BrokenSource / DepthFlow

🌊 Image to → 2.5D Parallax Effect Video. High quality, user first. Free and Open Source Leiapix alternative
https://brokensrc.dev
GNU Affero General Public License v3.0
153 stars 11 forks source link

Awesome project #5

Closed davidmartinrius closed 1 week ago

davidmartinrius commented 5 months ago

This project is absolutely awesome. The inference works so fast. I am thinking to integrate it to stable diffusion ui. Currently there is a similar plugin for the sd ui called https://github.com/thygate/stable-diffusion-webui-depthmap-script

But that one is painfully slow, first create a depthmap, then a mesh and then creates a video from the mesh. The mesh generation can take like 2-3 minutes and only works with CPU. (once generated the mesh you have to wait another time for video generation) And the result is almost the same as your project. With the clear difference that the results of your project are much better in quality, speed and also it uses CUDA.

So, congratulations for your project!

David Martin Rius

Tremeschin commented 5 months ago

Thanks a lot & I love this idea ❤️

With some mechanism to define presets of the camera movements and effect intensities, maybe also post fx this will be super

I never studied deep enough any of the Stable Diffusion world, I'll keep this idea in mind. Not much bandwidth for now though

ps. I have some private shader with some pfx so I've seen things 😂

HamletEagle commented 3 months ago

Hello @Tremeschin,

This project is amazing. Any plans to add the ability to define some movement (left/right/circular/zoom/dolly zoom) options from the command line so that we can animate the resulting video? It would make your work even more amazing than it already is.
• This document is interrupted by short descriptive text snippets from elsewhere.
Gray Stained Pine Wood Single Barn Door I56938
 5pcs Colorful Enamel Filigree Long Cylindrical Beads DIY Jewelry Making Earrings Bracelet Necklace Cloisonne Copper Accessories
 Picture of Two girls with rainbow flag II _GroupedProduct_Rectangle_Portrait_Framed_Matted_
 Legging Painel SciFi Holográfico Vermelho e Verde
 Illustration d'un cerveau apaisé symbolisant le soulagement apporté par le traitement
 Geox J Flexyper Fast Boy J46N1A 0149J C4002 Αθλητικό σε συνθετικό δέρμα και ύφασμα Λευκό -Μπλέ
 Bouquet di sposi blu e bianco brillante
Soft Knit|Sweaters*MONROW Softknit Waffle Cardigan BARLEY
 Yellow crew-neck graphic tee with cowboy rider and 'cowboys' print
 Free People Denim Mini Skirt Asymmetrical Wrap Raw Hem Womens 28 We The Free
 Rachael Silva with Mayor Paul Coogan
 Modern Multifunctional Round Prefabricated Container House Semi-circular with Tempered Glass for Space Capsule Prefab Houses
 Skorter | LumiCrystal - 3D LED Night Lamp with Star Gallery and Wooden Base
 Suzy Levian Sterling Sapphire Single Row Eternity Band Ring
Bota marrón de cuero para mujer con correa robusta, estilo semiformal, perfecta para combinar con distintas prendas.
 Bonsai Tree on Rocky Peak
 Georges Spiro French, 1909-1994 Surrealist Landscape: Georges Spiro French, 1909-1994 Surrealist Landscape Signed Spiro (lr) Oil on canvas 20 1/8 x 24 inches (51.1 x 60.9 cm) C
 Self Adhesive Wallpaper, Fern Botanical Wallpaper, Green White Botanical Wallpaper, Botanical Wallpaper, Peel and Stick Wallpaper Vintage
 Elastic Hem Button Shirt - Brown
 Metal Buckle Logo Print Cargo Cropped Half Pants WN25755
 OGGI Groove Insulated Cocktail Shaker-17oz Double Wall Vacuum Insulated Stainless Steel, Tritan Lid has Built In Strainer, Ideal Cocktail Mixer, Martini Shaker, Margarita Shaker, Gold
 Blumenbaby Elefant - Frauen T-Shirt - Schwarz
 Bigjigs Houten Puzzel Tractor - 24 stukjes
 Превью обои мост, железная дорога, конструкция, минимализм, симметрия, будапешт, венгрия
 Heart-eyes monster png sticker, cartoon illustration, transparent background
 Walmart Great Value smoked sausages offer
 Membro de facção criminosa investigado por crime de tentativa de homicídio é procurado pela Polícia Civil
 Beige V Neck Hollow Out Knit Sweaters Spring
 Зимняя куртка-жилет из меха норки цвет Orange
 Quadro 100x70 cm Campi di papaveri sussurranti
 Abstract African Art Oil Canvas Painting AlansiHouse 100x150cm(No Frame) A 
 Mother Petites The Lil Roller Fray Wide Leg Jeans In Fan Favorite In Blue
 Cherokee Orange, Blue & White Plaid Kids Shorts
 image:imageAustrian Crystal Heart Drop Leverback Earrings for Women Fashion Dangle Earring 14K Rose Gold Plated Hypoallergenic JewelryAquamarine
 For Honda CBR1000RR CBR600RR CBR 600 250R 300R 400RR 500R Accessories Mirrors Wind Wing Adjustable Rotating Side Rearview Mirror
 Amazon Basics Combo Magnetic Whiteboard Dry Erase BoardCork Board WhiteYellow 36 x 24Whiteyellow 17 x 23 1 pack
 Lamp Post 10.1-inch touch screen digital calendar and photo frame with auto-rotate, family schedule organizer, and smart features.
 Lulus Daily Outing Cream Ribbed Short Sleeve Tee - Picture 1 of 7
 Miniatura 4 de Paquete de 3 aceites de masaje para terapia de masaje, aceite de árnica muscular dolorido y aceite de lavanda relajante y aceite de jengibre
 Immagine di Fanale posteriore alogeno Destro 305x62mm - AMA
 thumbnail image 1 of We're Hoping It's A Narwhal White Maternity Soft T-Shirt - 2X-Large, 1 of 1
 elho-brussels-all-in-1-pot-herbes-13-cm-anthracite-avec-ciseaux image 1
You can take a look at https://www.leiapix.com/ to see what the end result would look like after having the option to define movement/zoom.

Thank you!

Tremeschin commented 3 months ago

Thanks @HamletEagle for the words and the resource on possible presets! and brand it as one more $competitor alternative heheh

Well, we can change anything manually just a matter of editing the .update function on the main class. But it requires some practice in shaping animations with functions in math, and I'm aware it isn't trivial, accessible and convenient

I just haven't tried to mock up yet a presets system for the scenes as I'm focusing on the raw backend lately. I'll prioritize this, as it's a recurrent issue on this project and two other "spin-offs" of shaderflow (pianola and spectronote)

(words to self) I should stop thinking on solving everything on the first iteration of it and just make a mvp :)

Tremeschin commented 3 months ago

(off topic (?))

Wait what 😳, they charge 5 dollars for just 10x 4k videos?? (didn't find length, likely looped animations < 10 sec?)

Can generate those 10x 4k60 10 sec videos here in about 90 seconds

I did some math previously for depthflow and it's so fast and cheap running it locally, my system alone could probably serve like 30k monthly active users generating 400x 1080p videos per month each (or 100x 4k).

If it was 720p and considering many users barely uses the service we're talking 1M++ users

And the main bottleneck isn't even the GPU but CPU encoding times for the video, which can be done on a second GPU on the system just for NVENC (even better that NVIDIA recently increases simultaneous encoding streams)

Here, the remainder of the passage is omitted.